In 1963, Walter Isard, the principal founder of regional science, assembled a group of scholars in Malmö, Sweden, for the purpose of establishing the Peace Research Society. The group of initial members included Kenneth Boulding and Anatol Rapoport. In 1973, this group became the Peace Science Society. Peace science was viewed as an interdisciplinary and international effort to develop a special set of concepts, techniques and data to better understand and mitigate conflict.[9] Peace science attempts to use the quantitative techniques developed in economics and political science, especially game theory and econometrics, techniques otherwise seldom used by researchers in peace studies.[10] The Peace Science Society website hosts the second edition of the Correlates of War, one of the most well-known collections of data on international conflict.[11] The society holds an annual conference, attended by scholars from throughout the world, and publishes two scholarly journals: Journal of Conflict Resolution and Conflict Management and Peace Science.

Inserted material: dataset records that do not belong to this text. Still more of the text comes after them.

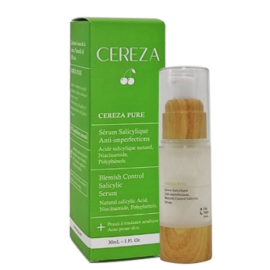 Cereza Pure Blemish Control Salcylic Serum 30ml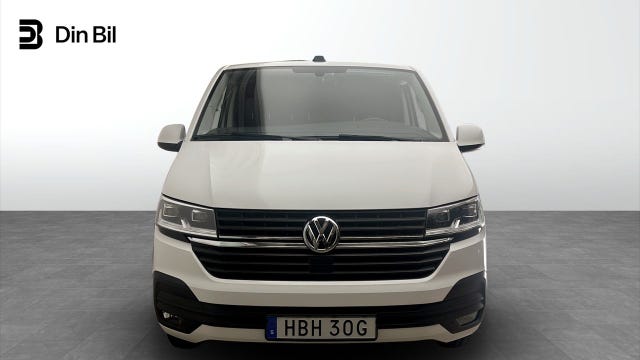 Volkswagen Transporter 2023 – bild 4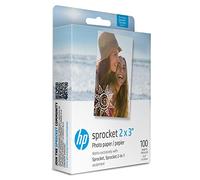 HP ZINK PAPER 100 Pack 2x3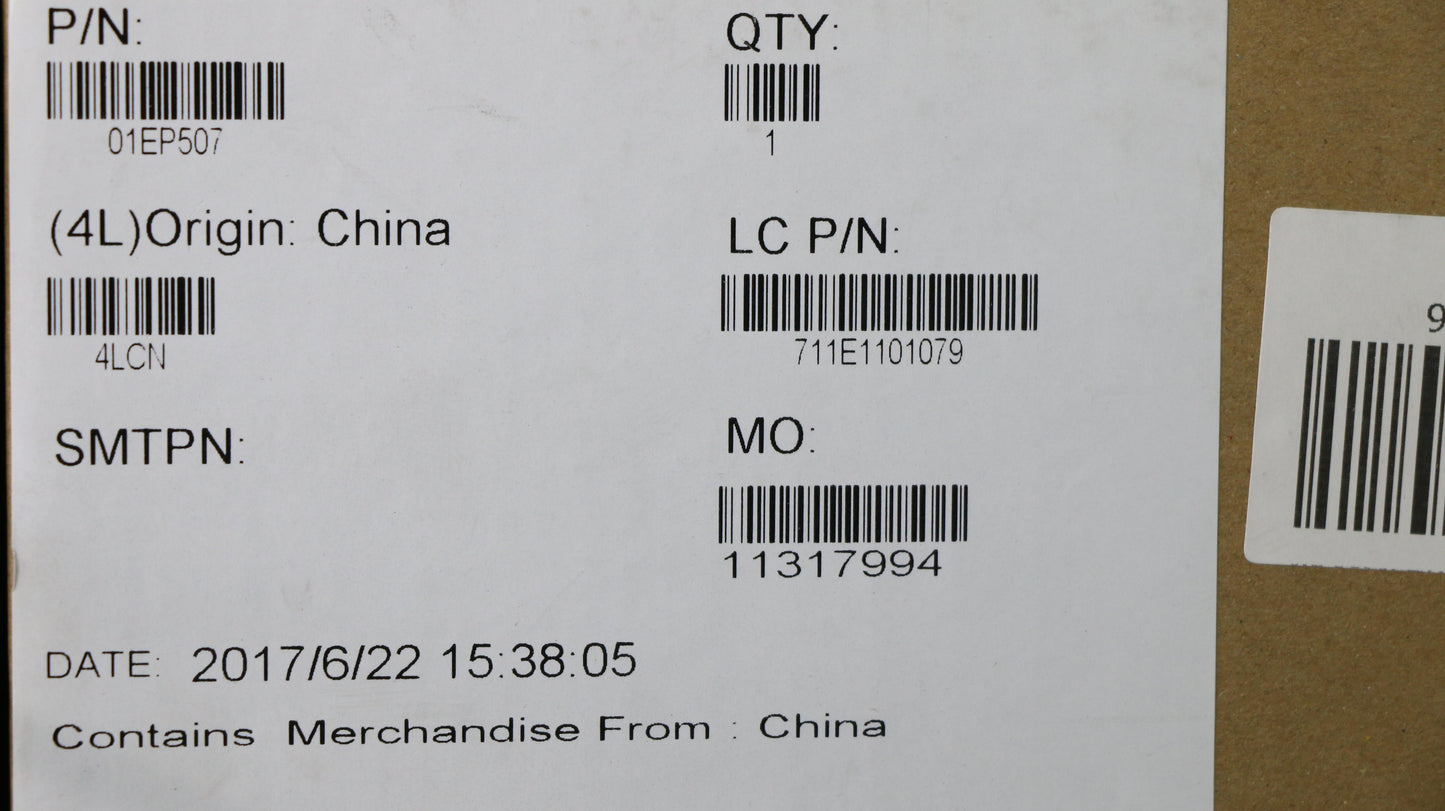 Lenovo Kb Darfon Lithuanian - 01EP507
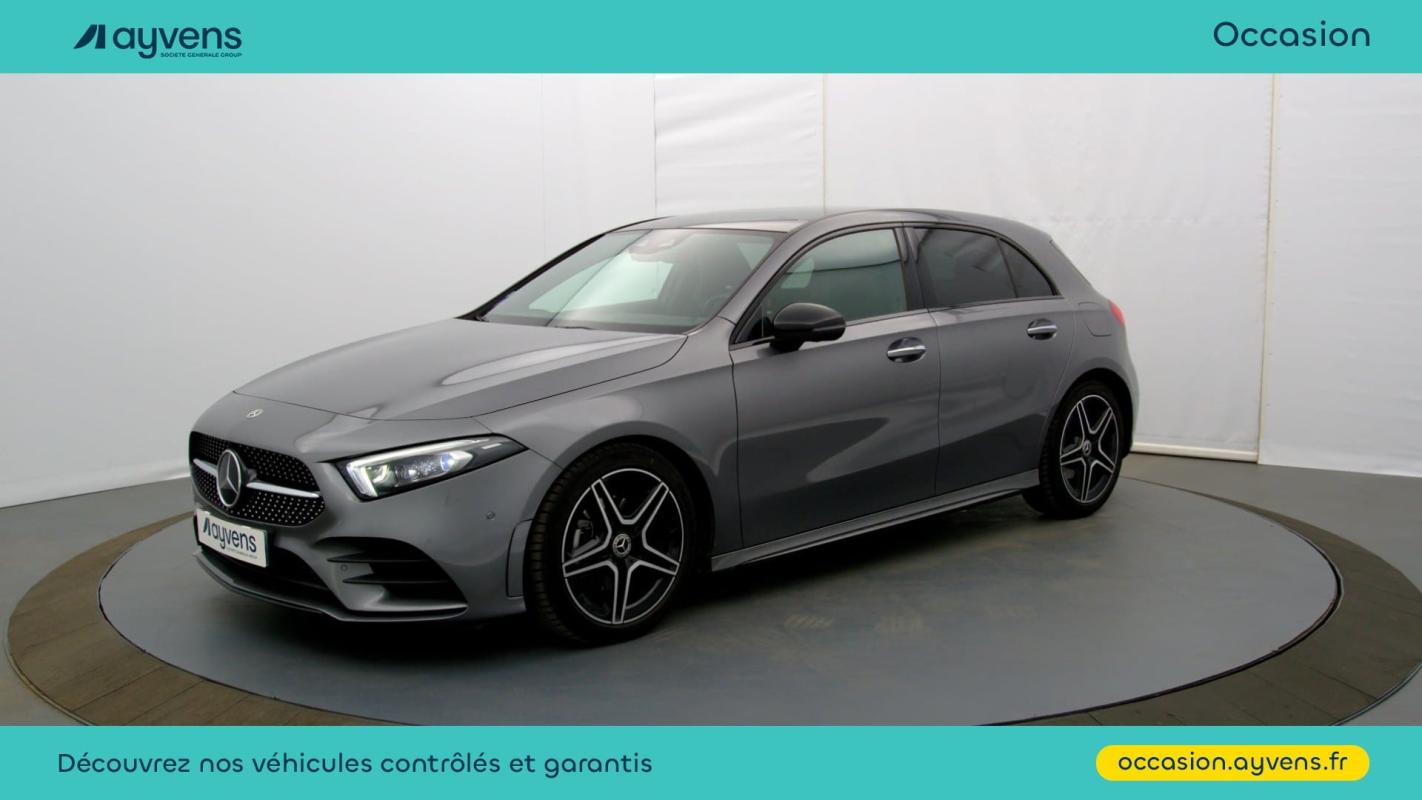 MERCEDES CLASSE A - 200 163CH AMG LINE 7G-DCT (2021)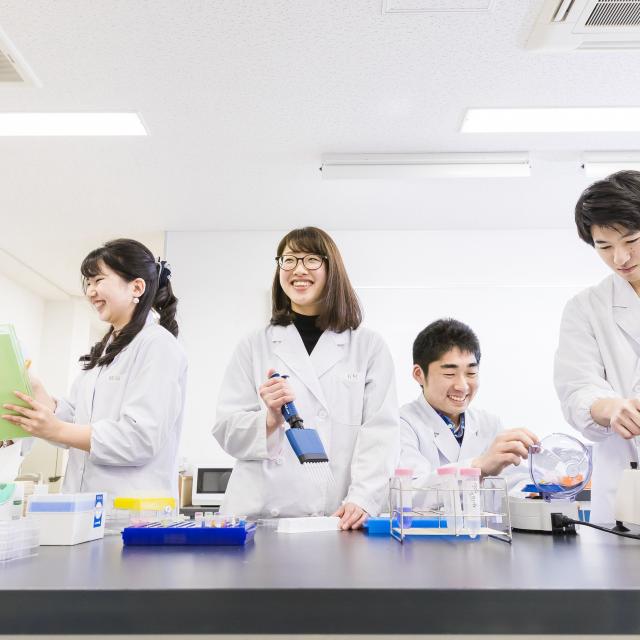 東京聖栄大学 受験相談会1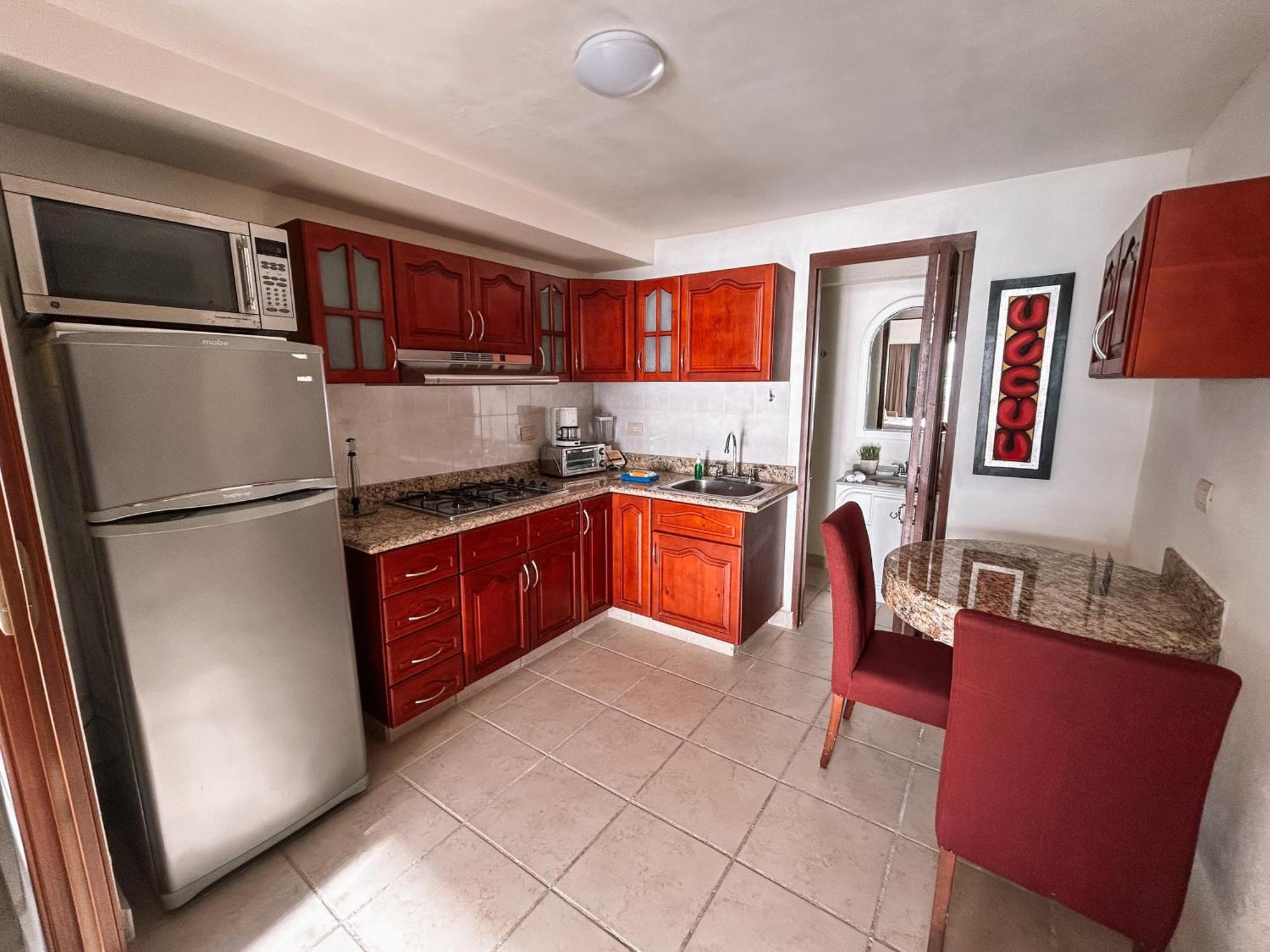 Two-Bedroom Villa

In 1964, the International Peace Research Association was formed at a conference organized by Quakers in Clarens, Switzerland. Among the original executive committee was Johan Galtung. The IPRA holds a biennial conference. Research presented at its conferences and in its publications typically focuses on institutional and historical approaches, seldom employing quantitative techniques.[12] In 2001, the Peace and Justice Studies Association (PJSA) was formed as a result of a merger of two precursor organisations. The PJSA is the North American affiliate of IPRA and includes members from around the world with a predominance from the United States and Canada. The PJSA publishes a regular newsletter (The Peace Chronicle), and holds annual conferences on themes related to the organization's mission "to create a just and peaceful world" through research, scholarship, pedagogy, and activism.[13]

In 2008, Strategic Foresight Group presented its report on an innovative mechanism to find sustainable solution to conflicts in the Middle East. It also developed a new Water Cooperation Quotient,[14] which is a measure of active cooperation by riparian countries in the management of water resources using 10 parameters including legal, political, technical, environmental, economic and institutional aspects.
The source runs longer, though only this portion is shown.